Macushla Robinson (MA student, NSSR)
“Memory Is A Tough Place”
This exhibition slotted for Parsons’ Kellen gallery during summer 2017 draws primarily from photographs within The New School Art Collection to look at social justice, and will set up a dialogue between these historical images and more contemporary work by select Parsons alumni.
Sebastian Grant (MA student, History of Design & Curatorial Studies, Parsons)
“Wearable Art: An Exhibition of the Susan Grant Lewin Collection at the Cooper Hewitt National Design Museum”
Featuring works from master jewelers Otto Künzli, Ted Noten, Bruce Metcalf, and more, this presentation will explore the upcoming exhibition of Susan Grant Lewin’s gracious donation to the Cooper Hewitt, and will discuss questions of art jewelry’s place in contemporary art and design.
SHIFTING TERRAINS
Christiane Paul (Faculty, Media Studies, NSPE)
“What Lies Beneath”
Christiane will discuss her exhibition at Borusan Contemporary, Istanbul, in relation to curating within shifting cultural contexts and preview her work on the outdoor park 38 30 Art Valley.
Amanda Parmer (Curatorial Assistant, The Vera List Center, NSPE)
“Maria Thereza Alves: 2016–18 Vera List Center Prize for Art and Politics Winner”

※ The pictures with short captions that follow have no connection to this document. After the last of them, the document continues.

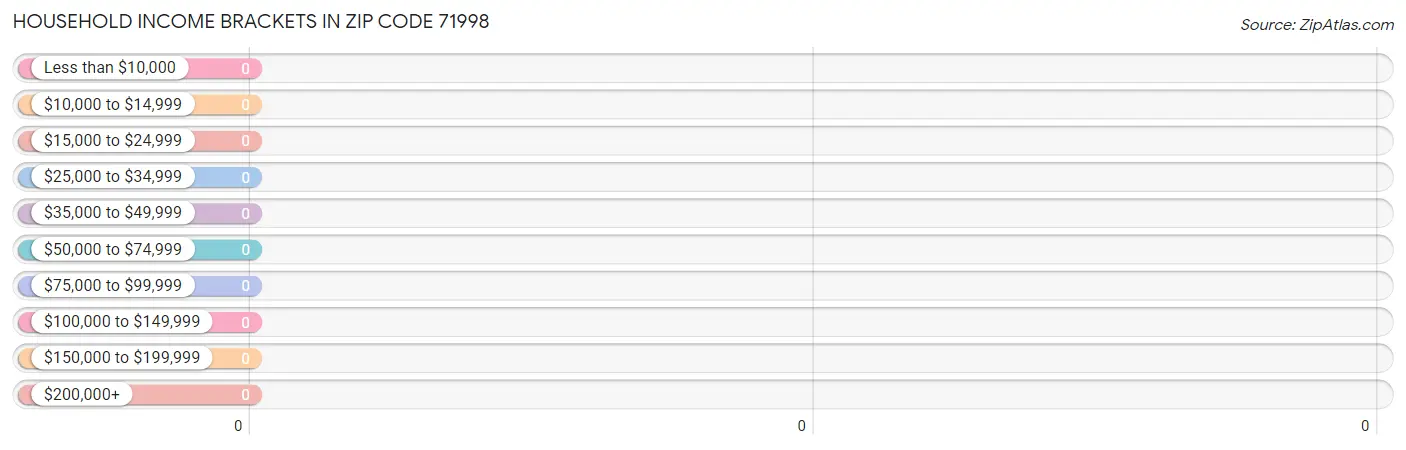 Household Income Brackets in Zip Code 71998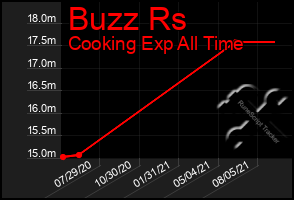 Total Graph of Buzz Rs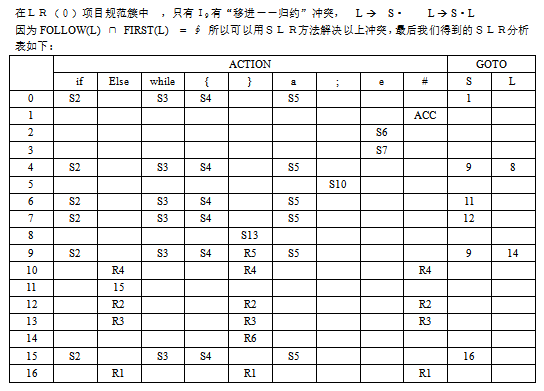 C语言编译器的设计与实现-小栈资源网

How are VLC’s curators working with Alvez to realize Seeds of Change: New York: Botany and Colonization, a project mapping artifacts and entities that trace the proliferation of foreign seeds traveling to the New York region via trade ship ballast over the past two centuries? The exhibition will include a verdant collection of propagated ballast flora that will fill Parsons’ Aronson Gallery.
SPARKING CONVERSATIONS
Malgorzata Bakalarz (PhD Student, Sociology, NSSR)
“Exploring Wounded Places”
This project, which included an exhibition, an international multidisciplinary symposium, and a graduate course for students from Parsons, NSSR and School of Form taught in Warsaw, Poland, stemmed from Malgorzata’s interest in exploring the topic of “wounded places” and her urge to facilitate/provoke a multi-vocal response to the timely matters of today’s world.

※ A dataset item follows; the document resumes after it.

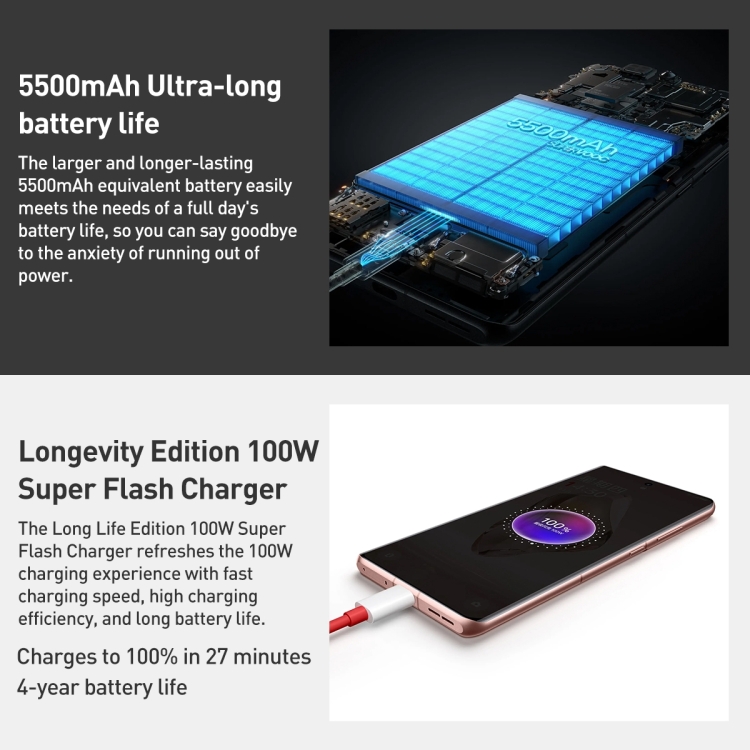 Oneplus Ace 3 - 16GB+1TB, 6.78 Inch, Android 14 Mobile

Gabrielle Bendiner-Viani (Faculty, Urban Studies, NSPE)
“In the Same Room without Screaming”
Gabrielle presents her long-term collaboration with housing activists and New School students to create exhibitions as spaces for dialogue in a highly contested area of the Lower East Side, the subject of her forthcoming book.

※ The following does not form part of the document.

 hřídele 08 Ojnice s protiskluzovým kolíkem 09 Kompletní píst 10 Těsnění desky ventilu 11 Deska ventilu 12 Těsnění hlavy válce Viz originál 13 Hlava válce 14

Rit Premnath/ Shifter (Faculty, Fine Arts, Parsons)
“An Engagement in Learning through Unlearning: A Call to Gather”
This series of gatherings invites participants to take a closer look at the worlds we share through encounters in unusual spaces, such as the makeshift prayer room in the basement of the University Center, aiming to unlearn our assumptions and prejudices about each other in a time when the urgency for new solidarities has never been greater.